#### Try it:
Which lines in the records below include the word "Christmas"? Report each of them in full.

Data excerpts:
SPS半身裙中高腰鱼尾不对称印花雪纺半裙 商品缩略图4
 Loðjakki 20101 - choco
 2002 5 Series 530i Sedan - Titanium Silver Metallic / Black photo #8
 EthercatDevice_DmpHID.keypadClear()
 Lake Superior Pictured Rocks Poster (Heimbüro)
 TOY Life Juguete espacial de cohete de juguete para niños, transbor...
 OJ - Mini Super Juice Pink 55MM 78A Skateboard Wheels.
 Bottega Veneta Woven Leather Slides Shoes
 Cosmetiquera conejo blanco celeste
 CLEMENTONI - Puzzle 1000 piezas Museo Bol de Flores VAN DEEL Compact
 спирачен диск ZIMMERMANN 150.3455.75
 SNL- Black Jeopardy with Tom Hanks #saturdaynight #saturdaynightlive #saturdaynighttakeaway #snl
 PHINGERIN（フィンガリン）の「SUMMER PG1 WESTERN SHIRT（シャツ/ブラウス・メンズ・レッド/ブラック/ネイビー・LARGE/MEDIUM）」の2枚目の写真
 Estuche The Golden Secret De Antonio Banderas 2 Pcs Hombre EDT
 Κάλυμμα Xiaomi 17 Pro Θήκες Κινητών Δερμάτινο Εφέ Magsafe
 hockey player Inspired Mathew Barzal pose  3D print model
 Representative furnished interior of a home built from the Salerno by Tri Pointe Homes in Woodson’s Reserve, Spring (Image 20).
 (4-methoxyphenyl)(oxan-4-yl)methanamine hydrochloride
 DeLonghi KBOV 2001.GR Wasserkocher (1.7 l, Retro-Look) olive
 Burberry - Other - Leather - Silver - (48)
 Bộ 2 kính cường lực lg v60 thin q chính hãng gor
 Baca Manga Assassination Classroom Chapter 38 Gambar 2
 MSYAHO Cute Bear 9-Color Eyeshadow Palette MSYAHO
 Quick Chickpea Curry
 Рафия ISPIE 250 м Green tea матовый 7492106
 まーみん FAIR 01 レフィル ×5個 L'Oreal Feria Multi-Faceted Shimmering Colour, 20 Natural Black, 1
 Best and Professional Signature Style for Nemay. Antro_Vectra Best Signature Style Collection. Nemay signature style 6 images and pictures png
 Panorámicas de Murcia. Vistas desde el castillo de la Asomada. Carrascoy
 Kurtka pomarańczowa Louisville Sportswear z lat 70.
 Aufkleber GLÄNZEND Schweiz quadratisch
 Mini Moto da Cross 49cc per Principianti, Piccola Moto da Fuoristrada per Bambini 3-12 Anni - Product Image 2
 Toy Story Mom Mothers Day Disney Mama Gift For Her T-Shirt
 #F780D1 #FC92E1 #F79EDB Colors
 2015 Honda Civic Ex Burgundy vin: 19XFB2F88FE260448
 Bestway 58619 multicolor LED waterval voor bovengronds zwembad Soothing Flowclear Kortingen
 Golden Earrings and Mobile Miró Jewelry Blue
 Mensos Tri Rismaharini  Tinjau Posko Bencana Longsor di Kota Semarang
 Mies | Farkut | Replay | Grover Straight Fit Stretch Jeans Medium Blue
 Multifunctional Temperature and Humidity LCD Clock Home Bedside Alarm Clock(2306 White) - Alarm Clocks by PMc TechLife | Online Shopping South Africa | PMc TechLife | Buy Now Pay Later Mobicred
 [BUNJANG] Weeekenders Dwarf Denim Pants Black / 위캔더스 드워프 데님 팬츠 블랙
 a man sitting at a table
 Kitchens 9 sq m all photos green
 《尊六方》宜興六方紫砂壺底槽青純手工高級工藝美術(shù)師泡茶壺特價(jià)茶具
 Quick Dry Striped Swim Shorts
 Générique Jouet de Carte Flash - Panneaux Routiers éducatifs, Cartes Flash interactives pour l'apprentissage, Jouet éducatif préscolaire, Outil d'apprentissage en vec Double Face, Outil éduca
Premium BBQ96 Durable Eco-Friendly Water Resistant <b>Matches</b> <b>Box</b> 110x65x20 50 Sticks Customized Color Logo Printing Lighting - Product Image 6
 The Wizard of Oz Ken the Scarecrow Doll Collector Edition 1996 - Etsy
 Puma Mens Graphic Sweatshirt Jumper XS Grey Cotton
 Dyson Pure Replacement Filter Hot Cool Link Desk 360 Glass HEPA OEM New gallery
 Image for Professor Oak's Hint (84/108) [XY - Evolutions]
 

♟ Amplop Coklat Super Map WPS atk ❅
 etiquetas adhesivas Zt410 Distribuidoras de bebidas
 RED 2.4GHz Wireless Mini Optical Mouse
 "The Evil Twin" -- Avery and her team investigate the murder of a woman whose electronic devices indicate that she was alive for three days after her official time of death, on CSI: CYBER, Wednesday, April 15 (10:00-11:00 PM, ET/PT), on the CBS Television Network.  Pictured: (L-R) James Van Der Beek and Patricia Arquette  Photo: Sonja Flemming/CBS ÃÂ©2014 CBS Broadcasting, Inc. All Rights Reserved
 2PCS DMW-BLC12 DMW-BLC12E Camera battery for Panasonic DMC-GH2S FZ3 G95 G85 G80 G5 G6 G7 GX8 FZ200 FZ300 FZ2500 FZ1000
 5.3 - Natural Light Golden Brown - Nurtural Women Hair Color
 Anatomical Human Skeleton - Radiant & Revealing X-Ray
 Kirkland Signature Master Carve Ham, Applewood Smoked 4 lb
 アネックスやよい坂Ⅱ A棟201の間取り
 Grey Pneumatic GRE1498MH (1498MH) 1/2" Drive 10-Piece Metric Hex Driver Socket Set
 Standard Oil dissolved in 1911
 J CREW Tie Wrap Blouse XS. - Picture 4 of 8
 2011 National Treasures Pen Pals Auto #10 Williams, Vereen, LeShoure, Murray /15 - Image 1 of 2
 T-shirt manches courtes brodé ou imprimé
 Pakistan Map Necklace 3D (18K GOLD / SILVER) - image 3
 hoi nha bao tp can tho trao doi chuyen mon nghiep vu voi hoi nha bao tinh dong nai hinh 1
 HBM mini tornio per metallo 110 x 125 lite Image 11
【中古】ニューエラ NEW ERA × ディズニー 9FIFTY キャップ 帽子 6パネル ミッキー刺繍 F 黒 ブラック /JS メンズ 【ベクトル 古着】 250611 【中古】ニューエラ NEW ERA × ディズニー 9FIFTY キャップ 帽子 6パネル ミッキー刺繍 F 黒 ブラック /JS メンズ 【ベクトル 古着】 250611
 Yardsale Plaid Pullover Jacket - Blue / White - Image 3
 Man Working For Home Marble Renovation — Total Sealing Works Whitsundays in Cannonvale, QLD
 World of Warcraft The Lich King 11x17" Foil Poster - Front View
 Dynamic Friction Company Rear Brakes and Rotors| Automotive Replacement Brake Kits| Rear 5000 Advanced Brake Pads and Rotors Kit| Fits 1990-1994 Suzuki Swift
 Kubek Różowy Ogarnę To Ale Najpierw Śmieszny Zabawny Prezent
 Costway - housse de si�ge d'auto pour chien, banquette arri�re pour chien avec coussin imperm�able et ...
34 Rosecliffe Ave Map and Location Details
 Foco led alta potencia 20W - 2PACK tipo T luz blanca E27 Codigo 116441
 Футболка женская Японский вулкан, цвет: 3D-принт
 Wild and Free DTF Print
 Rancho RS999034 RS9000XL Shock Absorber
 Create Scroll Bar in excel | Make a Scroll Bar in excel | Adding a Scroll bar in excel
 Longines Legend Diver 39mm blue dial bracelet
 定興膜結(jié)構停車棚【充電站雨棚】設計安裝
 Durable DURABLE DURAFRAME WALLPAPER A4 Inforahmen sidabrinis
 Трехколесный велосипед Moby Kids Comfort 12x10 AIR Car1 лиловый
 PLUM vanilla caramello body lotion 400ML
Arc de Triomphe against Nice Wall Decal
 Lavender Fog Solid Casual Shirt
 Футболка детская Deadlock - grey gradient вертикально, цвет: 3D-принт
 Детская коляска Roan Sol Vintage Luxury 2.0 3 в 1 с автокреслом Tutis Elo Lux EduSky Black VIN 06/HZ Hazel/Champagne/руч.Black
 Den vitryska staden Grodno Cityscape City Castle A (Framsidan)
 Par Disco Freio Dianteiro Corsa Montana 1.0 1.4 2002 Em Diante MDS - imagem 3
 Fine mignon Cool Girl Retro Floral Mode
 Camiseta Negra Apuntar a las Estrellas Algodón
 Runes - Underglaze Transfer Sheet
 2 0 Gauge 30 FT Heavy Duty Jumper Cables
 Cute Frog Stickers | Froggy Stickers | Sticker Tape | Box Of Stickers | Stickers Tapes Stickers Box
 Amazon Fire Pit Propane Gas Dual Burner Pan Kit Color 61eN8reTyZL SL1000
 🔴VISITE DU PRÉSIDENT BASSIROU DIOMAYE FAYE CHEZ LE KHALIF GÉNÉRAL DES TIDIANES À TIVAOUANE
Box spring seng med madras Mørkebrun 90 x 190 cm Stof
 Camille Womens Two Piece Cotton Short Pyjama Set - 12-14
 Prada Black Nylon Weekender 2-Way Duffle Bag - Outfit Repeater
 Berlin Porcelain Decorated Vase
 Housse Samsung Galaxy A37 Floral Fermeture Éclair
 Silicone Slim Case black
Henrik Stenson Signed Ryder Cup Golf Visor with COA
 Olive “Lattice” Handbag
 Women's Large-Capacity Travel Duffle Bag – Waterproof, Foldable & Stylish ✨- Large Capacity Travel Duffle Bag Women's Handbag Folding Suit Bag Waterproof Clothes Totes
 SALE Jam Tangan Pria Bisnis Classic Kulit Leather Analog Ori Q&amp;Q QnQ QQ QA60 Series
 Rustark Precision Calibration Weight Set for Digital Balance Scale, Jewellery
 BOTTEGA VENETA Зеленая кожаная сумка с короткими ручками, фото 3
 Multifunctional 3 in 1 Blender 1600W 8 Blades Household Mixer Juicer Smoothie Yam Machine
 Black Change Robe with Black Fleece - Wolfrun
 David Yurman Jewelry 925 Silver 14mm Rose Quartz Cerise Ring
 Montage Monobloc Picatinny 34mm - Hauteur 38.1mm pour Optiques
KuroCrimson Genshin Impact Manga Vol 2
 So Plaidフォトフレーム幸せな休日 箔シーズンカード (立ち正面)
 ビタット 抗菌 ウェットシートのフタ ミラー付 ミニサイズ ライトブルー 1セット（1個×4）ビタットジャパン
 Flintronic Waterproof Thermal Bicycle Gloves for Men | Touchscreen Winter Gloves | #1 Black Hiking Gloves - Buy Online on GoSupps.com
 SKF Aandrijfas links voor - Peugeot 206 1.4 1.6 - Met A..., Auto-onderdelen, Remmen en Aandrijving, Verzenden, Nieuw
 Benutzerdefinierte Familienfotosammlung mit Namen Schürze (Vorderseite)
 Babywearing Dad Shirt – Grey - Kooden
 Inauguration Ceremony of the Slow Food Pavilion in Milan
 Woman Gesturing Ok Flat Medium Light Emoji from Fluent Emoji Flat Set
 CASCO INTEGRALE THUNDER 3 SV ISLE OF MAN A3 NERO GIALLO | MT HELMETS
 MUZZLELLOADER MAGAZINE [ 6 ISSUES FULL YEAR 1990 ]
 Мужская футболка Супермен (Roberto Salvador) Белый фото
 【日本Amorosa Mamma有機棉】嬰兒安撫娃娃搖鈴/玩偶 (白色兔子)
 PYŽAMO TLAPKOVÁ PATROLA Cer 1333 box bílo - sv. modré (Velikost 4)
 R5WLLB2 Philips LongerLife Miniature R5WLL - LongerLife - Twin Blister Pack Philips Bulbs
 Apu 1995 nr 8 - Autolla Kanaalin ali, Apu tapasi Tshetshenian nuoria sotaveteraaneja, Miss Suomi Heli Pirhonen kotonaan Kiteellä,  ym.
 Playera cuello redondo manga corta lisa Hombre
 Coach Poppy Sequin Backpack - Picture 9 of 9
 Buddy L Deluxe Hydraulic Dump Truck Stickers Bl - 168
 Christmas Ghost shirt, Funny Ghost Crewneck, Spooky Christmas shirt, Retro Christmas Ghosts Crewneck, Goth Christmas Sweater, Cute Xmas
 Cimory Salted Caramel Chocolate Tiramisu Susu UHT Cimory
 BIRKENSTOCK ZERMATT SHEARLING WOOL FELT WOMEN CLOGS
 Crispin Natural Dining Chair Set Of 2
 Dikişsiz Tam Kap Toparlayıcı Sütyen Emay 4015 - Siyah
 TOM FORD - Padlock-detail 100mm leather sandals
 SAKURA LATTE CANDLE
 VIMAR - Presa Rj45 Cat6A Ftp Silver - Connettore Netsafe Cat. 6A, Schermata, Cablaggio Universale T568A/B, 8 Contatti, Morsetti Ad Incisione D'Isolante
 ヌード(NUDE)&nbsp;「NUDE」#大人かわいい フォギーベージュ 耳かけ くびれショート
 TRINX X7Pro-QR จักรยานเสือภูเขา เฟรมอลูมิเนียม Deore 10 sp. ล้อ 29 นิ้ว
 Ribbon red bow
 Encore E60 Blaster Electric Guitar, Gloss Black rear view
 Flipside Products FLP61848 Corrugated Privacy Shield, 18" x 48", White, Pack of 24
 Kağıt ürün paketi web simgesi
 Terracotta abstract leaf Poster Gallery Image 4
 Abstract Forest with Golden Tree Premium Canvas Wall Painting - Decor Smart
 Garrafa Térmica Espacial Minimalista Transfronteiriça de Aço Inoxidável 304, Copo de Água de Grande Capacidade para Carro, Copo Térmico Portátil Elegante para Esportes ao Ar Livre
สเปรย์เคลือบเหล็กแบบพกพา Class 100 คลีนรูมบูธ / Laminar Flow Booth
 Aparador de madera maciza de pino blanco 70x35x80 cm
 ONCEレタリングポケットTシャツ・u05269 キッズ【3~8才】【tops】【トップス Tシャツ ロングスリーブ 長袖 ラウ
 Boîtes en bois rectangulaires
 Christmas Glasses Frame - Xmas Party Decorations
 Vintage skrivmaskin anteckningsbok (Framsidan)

#### Task result:
 Christmas Ghost shirt, Funny Ghost Crewneck, Spooky Christmas shirt, Retro Christmas Ghosts Crewneck, Goth Christmas Sweater, Cute Xmas
 Christmas Glasses Frame - Xmas Party Decorations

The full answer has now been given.